Stopping bullying in nation’s schools
It is happening all across the country. From Montana to Michigan, Texas to Pennsylvania, and in Cheatham County in Tennessee, cases of bullying are getting lots of attention.
It’s about time.
The attention isn’t necessarily that more schoolkids are getting taunted and hazed now than in the past. It is in part because social media have become a way for tormentors to extend their reach beyond campus and spread their vitriol faster and further. Another reason is that some kids are retaliating with firearms, as in the case in Houston of an 18-year-old who says he was protecting himself from bullies when he shot a classmate in the leg.
There are the harassed youths who take their own lives, as Jacob Rogers did in Ashland City. And then there are the countless students who are bullied every day and no one hears about it. Yet it leaves a mark on the kids’ psyche — the perpetrators’ as well as the victims’ — that makes you nervous about what adulthood holds for them.
It also makes you wonder how they can learn in school with all of this turmoil in their lives.
It’s about time for a big change.
Adults have a job to do. Teachers and administrators, for example, can no longer turn a blind eye to bullying that occurs on school grounds. And lawmakers, such as in the Tennessee General Assembly, should support strong anti-bullying measures instead of watering them down in a way that actually could encourage bullying of lesbian, gay, bisexual and transgender teens.
As reported recently, conservative lawmakers want to amend laws to say that anti-bullying programs cannot promote a political agenda or focus on the “characteristics of the victim rather than the conduct of” the bully. This would be sort of like changing the laws against armed robbery to allow it depending on whether the bank is made of brick or concrete.
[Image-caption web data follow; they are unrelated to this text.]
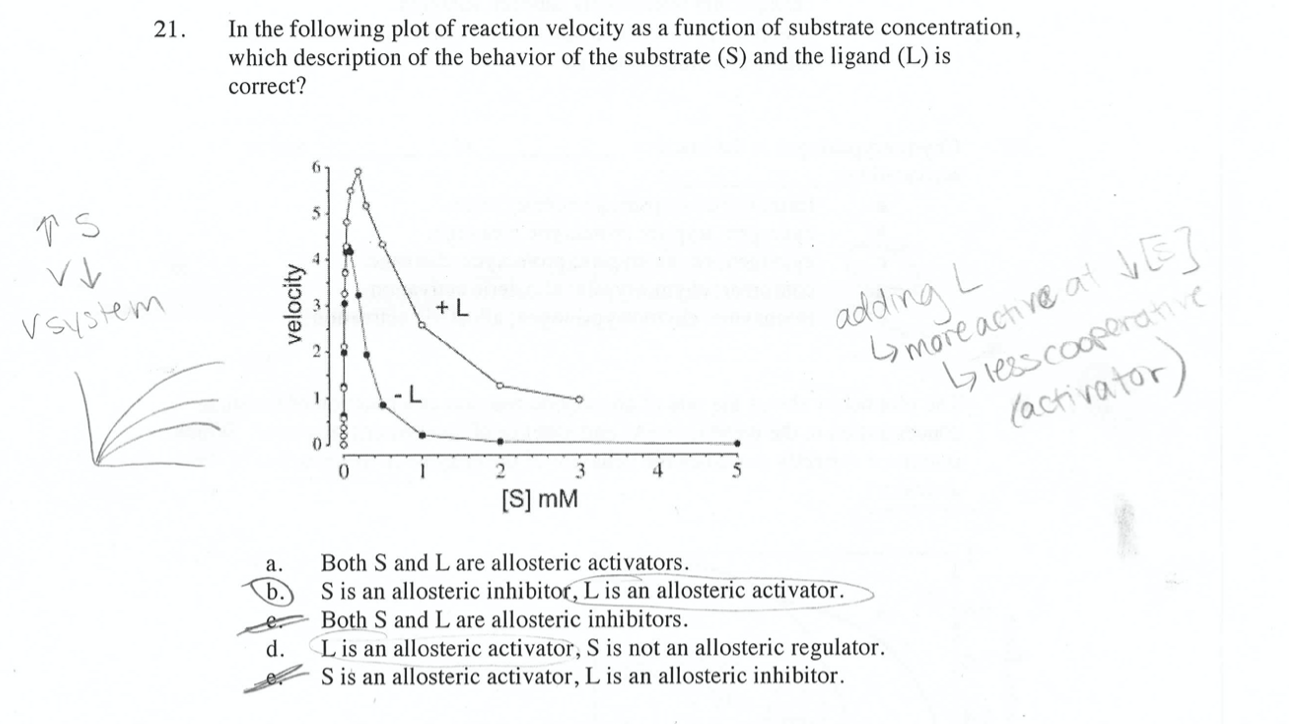 Solved In the following plot of reaction velocity as a | Chegg.com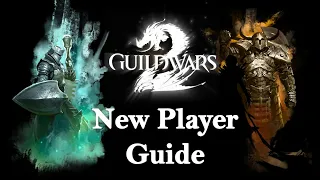 Als neuer Spieler in Guild Wars 2 starten - Guide von Level 1 bis Level 80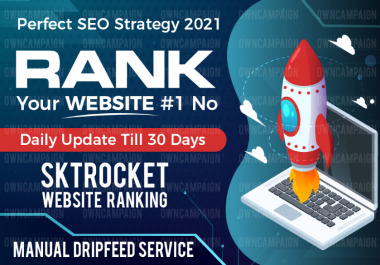 Rank Your Website Google 1st page,  15 days SEO Backlinks Manual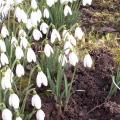 Perce-neige - Galanthus nivalis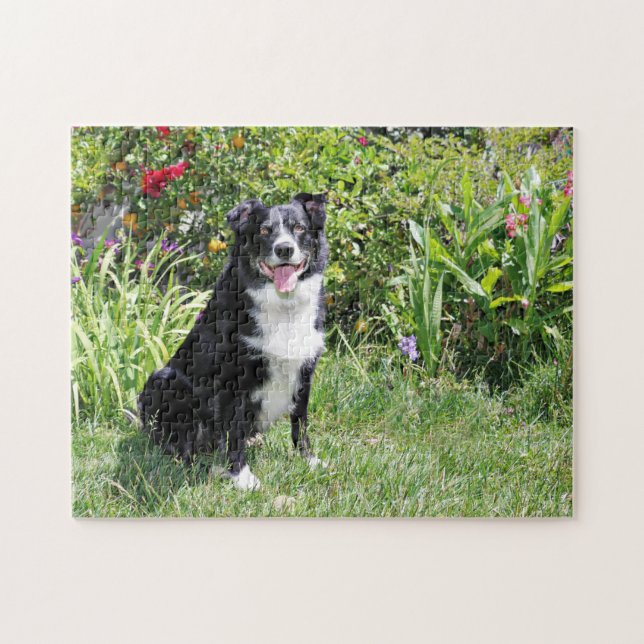 Puzzle Border collie - arroz - Pasten (Horizontal)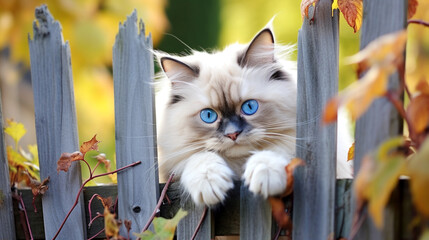 A beautiful blue-eyed Ragdoll kitten lounging on a wooden fence in a garden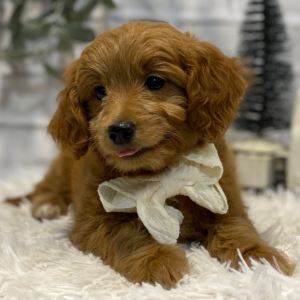 Goldendoodle Puppy Nelda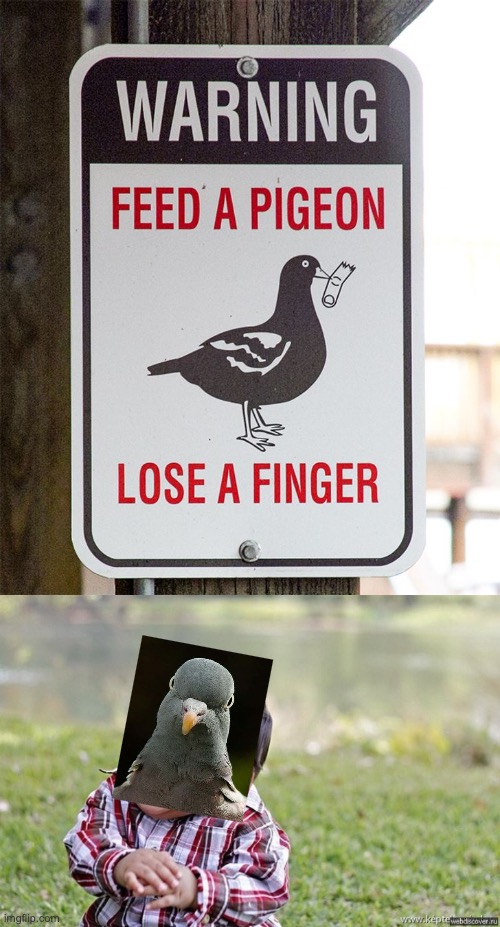 Pigeon's will take over the world... | image tagged in pigeons,goodbye humanity | made w/ Imgflip meme maker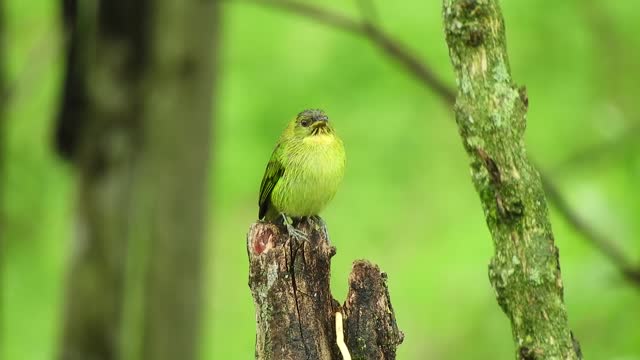 What bird is this?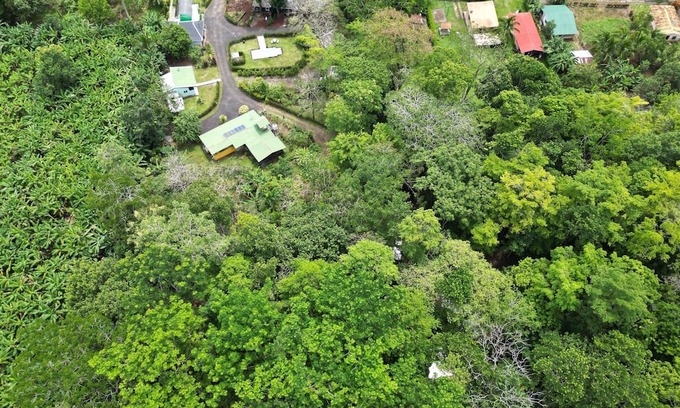 Penjamo Casa | Forest Hideaway: Container Retreat with Private Pool. Pet friendly!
If these lawmakers are confused, as they seem to be, they should consult a number of experts on adolescent behavior and on law enforcement before they do something that will make it easier for bullies to pick on kids.
Ultimately, however, it is not adults who will stop bullying in its tracks. It is the students who see classmates harassing or being harassed who have the collective power for change.
Participating schools will have a week of educational activities designed to inspire dialogue about ways to end name-calling and related bad behavior.
Students can instill a culture of respect that today’s adults have neglected to pass along to them. Stop the name-calling for a week, a month and beyond — and that’s just the beginning.